Robert Holdstock conmovió a su manera el universo de la fantasía con su inigualable ‘Bosque mitago’. Pero no voy a hablar aquí de ello. Hoy entraré en su acercamiento al género del terror:
‘Muertes en el laberinto’ es una buena obra. Después de haber leído varios mamotretos infumables, supuestos exponentes de la nueva hornada de autores americanos, apuestas editoriales que en doscientas páginas no son capaces de decir nada… fue un alivio encontrar que Holdstock, en dieciséis, era capaz de tomarnos en vilo, arrastrarnos a un fascinante mundo donde el pasado más lejano y el presente se aúnan en las manos de un niño dotado de unos poderes perturbadores.
El creador hace bien su trabajo: teje un argumento de base imaginativo y original, y lo enmarca entre un ropaje de delicada emocionalidad, personalidades definidas e historias paralelas atractivas. Nos encontramos con un ambiente psicológicamente opresivo, la siempre extraña relación que se establece entre padres e hijos a nivel emocional, en este caso despojada de un tono acaramelado.
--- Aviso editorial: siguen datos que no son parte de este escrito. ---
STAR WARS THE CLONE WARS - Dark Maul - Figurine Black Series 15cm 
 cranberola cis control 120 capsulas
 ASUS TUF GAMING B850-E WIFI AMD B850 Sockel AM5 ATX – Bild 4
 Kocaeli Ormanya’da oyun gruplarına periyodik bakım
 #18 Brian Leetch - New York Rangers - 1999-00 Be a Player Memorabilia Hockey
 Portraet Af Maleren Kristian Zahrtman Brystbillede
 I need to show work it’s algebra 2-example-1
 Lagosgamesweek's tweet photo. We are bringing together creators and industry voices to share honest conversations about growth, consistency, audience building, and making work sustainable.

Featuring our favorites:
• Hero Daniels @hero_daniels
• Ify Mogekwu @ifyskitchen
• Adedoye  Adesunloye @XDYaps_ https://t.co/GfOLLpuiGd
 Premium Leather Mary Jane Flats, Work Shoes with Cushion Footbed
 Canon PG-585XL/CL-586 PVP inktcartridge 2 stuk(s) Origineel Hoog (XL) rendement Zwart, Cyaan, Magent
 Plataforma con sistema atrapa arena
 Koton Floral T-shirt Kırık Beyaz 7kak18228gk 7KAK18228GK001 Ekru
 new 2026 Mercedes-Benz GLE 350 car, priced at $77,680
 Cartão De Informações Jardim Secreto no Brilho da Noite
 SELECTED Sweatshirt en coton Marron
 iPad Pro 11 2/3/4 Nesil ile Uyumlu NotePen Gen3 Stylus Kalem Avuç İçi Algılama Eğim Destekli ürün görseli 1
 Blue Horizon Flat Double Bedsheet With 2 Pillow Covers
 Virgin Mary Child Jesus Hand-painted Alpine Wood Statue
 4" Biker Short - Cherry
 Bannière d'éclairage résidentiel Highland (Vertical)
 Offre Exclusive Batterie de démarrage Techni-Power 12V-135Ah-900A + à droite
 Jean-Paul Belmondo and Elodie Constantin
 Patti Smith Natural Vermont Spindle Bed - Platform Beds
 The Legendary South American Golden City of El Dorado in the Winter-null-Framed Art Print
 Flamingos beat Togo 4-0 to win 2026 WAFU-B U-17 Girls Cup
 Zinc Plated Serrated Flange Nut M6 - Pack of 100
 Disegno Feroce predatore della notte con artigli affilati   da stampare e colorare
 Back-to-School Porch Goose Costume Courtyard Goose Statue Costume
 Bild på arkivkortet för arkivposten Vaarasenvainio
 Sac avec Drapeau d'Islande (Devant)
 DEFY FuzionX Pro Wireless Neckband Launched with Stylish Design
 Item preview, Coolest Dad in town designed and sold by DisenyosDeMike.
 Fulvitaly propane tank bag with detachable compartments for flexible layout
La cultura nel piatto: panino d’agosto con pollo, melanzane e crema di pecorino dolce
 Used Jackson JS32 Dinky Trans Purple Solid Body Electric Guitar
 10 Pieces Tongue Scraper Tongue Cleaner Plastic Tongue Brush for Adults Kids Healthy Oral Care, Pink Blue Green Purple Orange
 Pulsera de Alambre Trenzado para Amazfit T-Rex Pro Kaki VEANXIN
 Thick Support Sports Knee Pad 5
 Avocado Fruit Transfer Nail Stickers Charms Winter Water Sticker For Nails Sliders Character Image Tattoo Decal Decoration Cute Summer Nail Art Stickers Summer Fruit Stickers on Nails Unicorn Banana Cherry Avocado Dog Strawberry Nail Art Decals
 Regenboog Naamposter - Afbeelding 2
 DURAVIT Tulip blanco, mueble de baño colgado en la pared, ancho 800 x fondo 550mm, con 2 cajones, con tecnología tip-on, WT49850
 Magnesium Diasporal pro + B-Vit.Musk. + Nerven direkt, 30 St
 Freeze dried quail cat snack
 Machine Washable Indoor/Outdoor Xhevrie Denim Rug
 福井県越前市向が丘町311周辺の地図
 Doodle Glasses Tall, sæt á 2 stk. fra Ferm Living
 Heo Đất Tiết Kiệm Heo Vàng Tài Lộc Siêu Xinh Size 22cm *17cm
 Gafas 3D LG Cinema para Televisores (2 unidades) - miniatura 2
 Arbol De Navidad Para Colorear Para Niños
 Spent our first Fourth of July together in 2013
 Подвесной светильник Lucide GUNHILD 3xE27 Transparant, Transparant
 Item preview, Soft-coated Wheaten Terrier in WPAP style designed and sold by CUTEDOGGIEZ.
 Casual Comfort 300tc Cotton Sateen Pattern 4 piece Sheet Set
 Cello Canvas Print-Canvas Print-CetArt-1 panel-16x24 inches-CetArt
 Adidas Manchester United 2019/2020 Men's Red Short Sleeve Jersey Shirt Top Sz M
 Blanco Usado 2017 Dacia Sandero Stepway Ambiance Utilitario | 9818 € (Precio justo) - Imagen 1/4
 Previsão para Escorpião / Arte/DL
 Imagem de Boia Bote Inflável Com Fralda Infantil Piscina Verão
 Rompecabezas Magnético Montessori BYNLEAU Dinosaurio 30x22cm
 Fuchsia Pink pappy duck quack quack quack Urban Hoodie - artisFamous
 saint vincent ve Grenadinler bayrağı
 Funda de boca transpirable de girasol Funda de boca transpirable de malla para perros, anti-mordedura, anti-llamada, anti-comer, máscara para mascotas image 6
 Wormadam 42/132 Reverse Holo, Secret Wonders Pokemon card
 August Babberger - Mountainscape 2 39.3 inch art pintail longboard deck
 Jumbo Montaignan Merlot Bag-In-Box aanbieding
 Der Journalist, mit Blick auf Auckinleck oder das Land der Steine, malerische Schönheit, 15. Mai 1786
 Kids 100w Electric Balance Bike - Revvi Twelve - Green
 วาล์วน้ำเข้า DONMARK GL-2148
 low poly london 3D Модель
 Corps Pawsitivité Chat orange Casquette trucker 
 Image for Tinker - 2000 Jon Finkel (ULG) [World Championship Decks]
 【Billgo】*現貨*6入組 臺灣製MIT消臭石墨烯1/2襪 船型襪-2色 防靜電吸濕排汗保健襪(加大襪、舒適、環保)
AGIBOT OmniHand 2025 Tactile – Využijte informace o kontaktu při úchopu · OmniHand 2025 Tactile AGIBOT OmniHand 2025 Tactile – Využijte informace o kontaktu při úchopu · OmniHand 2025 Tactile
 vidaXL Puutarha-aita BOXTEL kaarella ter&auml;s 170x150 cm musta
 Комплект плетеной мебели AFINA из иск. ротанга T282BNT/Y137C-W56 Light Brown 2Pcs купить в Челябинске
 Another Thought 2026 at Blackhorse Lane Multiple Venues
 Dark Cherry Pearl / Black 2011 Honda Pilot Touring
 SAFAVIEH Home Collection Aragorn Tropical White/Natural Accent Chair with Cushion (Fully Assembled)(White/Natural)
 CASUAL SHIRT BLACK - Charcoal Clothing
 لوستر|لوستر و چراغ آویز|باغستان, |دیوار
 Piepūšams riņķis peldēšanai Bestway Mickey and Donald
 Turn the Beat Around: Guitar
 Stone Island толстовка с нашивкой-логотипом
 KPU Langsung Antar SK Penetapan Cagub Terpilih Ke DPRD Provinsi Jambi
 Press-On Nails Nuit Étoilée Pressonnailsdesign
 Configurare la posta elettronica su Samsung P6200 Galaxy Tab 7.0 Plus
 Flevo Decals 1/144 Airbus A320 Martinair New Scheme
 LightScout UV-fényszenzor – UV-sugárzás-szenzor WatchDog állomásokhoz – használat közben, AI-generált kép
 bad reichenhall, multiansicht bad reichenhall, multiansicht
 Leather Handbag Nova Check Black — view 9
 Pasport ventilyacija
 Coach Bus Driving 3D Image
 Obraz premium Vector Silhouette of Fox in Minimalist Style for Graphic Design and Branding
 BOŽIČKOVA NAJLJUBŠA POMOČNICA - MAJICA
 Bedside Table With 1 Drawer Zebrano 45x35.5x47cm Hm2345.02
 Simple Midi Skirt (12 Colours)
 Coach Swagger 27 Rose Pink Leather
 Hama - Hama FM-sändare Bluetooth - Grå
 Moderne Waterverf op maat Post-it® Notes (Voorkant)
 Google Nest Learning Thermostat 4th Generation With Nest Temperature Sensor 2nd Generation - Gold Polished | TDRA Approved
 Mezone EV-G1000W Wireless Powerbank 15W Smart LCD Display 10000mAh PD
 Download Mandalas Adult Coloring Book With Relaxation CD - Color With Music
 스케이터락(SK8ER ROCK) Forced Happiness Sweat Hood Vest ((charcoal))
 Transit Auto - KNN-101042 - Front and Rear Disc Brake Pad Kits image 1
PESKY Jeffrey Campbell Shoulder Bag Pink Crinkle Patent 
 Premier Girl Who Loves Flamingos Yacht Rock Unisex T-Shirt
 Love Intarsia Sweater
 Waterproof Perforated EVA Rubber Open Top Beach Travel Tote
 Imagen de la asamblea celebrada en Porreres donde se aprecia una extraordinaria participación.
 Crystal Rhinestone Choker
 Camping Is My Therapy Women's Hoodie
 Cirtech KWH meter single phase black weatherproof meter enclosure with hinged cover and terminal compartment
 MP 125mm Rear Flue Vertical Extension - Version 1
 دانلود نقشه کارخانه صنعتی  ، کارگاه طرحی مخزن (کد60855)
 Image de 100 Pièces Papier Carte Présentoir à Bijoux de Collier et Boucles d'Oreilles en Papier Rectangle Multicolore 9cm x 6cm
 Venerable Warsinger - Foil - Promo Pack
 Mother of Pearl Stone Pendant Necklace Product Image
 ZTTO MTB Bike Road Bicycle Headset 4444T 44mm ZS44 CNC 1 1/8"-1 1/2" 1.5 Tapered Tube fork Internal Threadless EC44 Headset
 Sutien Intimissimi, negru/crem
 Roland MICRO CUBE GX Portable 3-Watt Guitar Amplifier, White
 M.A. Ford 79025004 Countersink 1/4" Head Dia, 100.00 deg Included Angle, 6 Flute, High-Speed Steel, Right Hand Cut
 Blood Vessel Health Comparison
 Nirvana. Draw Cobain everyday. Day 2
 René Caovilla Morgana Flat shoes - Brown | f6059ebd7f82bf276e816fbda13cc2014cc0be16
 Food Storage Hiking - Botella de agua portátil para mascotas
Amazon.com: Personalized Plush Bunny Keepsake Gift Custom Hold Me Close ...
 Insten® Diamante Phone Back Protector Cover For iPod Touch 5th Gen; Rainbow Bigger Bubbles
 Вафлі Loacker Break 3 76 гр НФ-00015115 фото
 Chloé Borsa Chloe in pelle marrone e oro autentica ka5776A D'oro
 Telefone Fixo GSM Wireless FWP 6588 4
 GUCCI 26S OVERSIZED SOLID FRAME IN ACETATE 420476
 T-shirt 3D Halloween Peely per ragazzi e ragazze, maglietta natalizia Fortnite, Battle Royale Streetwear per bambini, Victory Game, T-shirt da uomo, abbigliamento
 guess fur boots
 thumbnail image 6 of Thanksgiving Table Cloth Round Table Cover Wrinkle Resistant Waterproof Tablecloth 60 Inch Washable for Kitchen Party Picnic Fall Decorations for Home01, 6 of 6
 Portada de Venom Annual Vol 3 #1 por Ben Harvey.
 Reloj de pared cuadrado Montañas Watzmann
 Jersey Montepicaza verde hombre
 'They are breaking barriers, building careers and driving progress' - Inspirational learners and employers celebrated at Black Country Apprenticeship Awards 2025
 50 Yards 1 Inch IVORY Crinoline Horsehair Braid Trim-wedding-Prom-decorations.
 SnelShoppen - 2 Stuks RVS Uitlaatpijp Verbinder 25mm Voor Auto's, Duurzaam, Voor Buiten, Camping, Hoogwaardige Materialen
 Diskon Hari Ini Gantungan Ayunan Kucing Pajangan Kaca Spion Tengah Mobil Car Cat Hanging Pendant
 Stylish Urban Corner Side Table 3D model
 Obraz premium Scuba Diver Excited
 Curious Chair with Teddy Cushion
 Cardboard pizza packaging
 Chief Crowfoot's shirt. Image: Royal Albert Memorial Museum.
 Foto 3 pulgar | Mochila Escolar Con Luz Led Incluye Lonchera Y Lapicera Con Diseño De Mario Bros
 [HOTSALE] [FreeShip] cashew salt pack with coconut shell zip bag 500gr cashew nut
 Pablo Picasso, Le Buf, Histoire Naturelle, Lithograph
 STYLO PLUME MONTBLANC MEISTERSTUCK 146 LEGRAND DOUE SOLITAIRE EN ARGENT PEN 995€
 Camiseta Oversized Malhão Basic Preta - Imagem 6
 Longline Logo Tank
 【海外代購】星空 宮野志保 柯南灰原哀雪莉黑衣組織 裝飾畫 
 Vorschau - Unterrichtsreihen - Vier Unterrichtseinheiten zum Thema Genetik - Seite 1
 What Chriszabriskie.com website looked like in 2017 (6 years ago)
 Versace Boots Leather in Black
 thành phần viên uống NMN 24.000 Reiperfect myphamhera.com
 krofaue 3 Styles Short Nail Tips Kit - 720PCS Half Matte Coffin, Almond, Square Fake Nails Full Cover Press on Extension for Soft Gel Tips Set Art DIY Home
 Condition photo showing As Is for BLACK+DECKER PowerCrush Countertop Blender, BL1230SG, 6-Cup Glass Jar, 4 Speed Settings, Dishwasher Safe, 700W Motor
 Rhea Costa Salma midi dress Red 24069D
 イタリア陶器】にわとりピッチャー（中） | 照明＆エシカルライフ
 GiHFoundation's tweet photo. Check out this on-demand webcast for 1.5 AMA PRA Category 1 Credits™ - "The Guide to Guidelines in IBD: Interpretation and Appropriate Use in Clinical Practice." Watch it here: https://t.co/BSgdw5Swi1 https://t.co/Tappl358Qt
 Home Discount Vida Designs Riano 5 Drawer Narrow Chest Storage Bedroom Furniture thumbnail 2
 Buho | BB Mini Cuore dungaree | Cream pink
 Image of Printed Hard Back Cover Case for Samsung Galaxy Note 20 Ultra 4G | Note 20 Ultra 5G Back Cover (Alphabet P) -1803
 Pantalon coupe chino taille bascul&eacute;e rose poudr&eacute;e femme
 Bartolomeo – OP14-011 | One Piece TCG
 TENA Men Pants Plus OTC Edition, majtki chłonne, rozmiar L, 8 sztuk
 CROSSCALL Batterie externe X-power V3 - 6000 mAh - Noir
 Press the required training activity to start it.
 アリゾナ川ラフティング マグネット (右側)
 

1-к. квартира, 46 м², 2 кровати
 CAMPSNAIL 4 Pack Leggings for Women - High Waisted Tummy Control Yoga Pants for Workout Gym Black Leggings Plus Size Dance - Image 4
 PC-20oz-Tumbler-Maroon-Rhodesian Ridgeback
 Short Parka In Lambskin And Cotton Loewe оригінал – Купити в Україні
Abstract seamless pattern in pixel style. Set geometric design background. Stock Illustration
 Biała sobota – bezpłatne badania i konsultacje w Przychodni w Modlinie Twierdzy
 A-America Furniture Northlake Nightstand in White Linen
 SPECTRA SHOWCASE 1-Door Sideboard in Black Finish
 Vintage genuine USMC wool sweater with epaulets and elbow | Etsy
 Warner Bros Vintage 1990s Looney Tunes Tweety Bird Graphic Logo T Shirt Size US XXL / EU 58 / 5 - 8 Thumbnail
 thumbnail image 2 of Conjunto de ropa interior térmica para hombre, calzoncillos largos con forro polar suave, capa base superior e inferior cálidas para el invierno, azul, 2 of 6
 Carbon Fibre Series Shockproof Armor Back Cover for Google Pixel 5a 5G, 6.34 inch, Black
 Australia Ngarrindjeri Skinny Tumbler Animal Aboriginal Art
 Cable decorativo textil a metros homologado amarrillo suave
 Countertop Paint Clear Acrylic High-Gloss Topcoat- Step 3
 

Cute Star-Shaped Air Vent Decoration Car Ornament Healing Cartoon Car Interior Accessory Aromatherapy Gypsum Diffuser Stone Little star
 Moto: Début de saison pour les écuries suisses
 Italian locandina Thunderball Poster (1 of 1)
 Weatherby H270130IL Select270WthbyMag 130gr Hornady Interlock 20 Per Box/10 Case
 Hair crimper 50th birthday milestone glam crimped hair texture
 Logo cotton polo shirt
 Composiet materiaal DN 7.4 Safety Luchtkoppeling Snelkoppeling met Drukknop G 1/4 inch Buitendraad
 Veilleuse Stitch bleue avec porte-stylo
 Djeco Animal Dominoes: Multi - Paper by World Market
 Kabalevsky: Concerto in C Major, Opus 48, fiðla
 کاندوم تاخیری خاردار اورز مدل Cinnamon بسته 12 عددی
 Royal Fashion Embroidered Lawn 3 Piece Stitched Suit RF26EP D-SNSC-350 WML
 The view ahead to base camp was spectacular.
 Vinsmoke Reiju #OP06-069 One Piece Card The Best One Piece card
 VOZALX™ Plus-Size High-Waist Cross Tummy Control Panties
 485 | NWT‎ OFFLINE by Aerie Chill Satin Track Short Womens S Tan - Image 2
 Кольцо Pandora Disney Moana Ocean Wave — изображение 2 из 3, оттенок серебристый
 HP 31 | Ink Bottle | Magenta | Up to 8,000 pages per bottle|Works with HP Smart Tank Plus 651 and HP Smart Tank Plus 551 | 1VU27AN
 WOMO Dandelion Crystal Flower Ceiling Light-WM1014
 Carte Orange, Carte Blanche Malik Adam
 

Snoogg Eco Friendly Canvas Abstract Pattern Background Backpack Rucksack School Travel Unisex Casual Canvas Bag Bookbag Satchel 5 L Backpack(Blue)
La historia fluctúa a través de una angustia creciente, de un encadenamiento de sucesos de orden inexplicable a través del tiempo, sucesos que tienen su reflejo en las actitudes de los personajes, en su comportamiento y evolución personal, y que poco a poco van tomando una aparente pauta en apariencia definida, y que, al final, no lleva a un final inusitado, intenso y vibrante.
Una lástima que sea difícil de conseguir, como casi todas las buenas obras editadas por Martínez Roca en sus colecciones dedicadas a lo fantástico
Holdstock no puede escribir sin un contexto definido: Historia, pasado… mitología, elementos que penetran en el presente y que son vehículos sobre los que la fantasía se conduce. Estos, junto con un excelente manejo de los ambientes físicos, en concreto escenarios naturales, son pilares básicos, elementos con los que se acomoda y crea excelentes historias (Recomiendo vivamente su ‘Bosque mitago’ como ejemplo de una fantasía diferente)
Y recuerden, mi objetivo no es contarles el argumento, es sólo abrirles el apetito por nuevos y deliciosos bocados —a veces quitárselo, claro—, por ello nada de argumentos.
No hay nada mejor que encarar un libro con el ánimo ilusionado y la mente virgen.